Imaginemos una empresa en dificultades financieras. A cierta altura del campeonato el empresario probablemente ya dejó de pagar impuestos, pues en Brasil se paga antes de vender e independientemente de lucrar.

Lo esencial es mantener el negocio vivo, priorizando a empleados y proveedores. ¡Sucede que, gracias a esta dinámica, ese negocio ahora se ha vuelto «maldito» y altamente «contagioso»! Eso porque quien lo adquiere lleva consigo sus deudas de brindis.

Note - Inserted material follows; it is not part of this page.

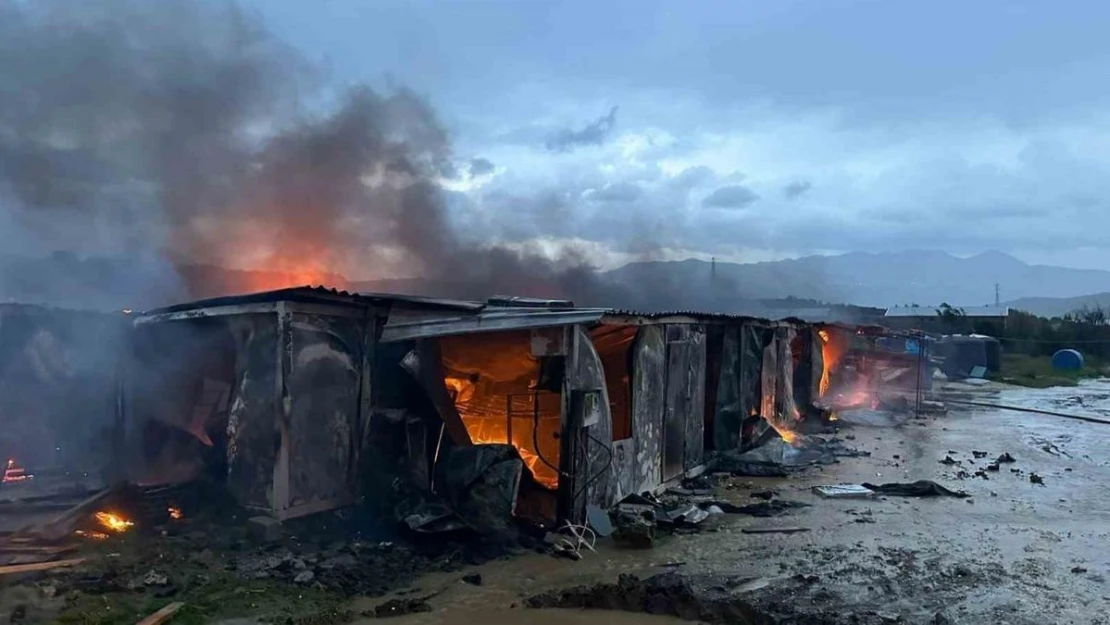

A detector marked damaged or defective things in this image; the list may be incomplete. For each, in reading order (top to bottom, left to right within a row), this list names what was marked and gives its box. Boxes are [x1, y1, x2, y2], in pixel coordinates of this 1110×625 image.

charred metal wall [0, 304, 128, 476]
fire damage [0, 286, 940, 620]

Por lo demás, quien ocupará el mismo punto comercial, si es de la misma rama, también lleva.

En determinadas circunstancias, quien contrata con esa empresa también sale debiendo. Otros, como precaución, no van a trabajar con ella si no puede demostrar estar al día con el gobierno, efectivamente sellando el destino del deudor, en un ciclo vicioso. Es la tributación peste-negra-con-ebola-zombi.

Si se consigue clientes, claro, pues después de unos pocos meses, esa empresa será inscrita en el Serasa y aún impedida de emitir la factura.

Si ella consigue vender, podrá tener sus mercancías incautadas en la carretera o en el puerto, y si aún si logra finalizar el negocio y recibir del cliente, podrá haber provisto bien a tiempo los recursos para que el gobierno abuche por «embargo en línea» cuenta bancaria.

En ese país, el deudor tributario no vende inmueble, no vende coche, está prohibido participar en licitaciones. Voy a parar por aquí, pues me cansé, pero todavía hay muchas otras restricciones.

¿El contribuyente, presionado, hace qué? Se protege como puede. En ese país, el empresario honesto también sabe que necesita «blindar» su patrimonio. En el caso de las cuentas de terceros, no declara bienes, registra otros en nombre de naranjas, no vende lo que debería estar en el mercado y por ahí va.

Note cuántos bienes quedan fuera del comercio; cuántas empresas se vuelven inviables; cuánta riqueza es simplemente tostada para que el gobierno garantice su parte de algo que sólo ha trabajado para inviabilizar.

Mientras los márgenes de beneficio se sitúan en torno al 5 al 8%, el gobierno lleva el 50%, habiendo costado otro 10% para la empresa sólo para obstaculizar menos. Y aún se habla de la erradicación del trabajo esclavo …

¿La solución? Una imposición simple, baja y justa. Simple, que no genera inseguridad y burocracia. Baja, que no anima a nadie a pensar mucho en cómo evitarla, si es más barato pagarla pronto. Y justa, que no interfiera en las elecciones de los participantes de mercado, que no puna lo más exitoso o un sector en beneficio de otro, que sea igual para todos. Simples así. ¿Que tal?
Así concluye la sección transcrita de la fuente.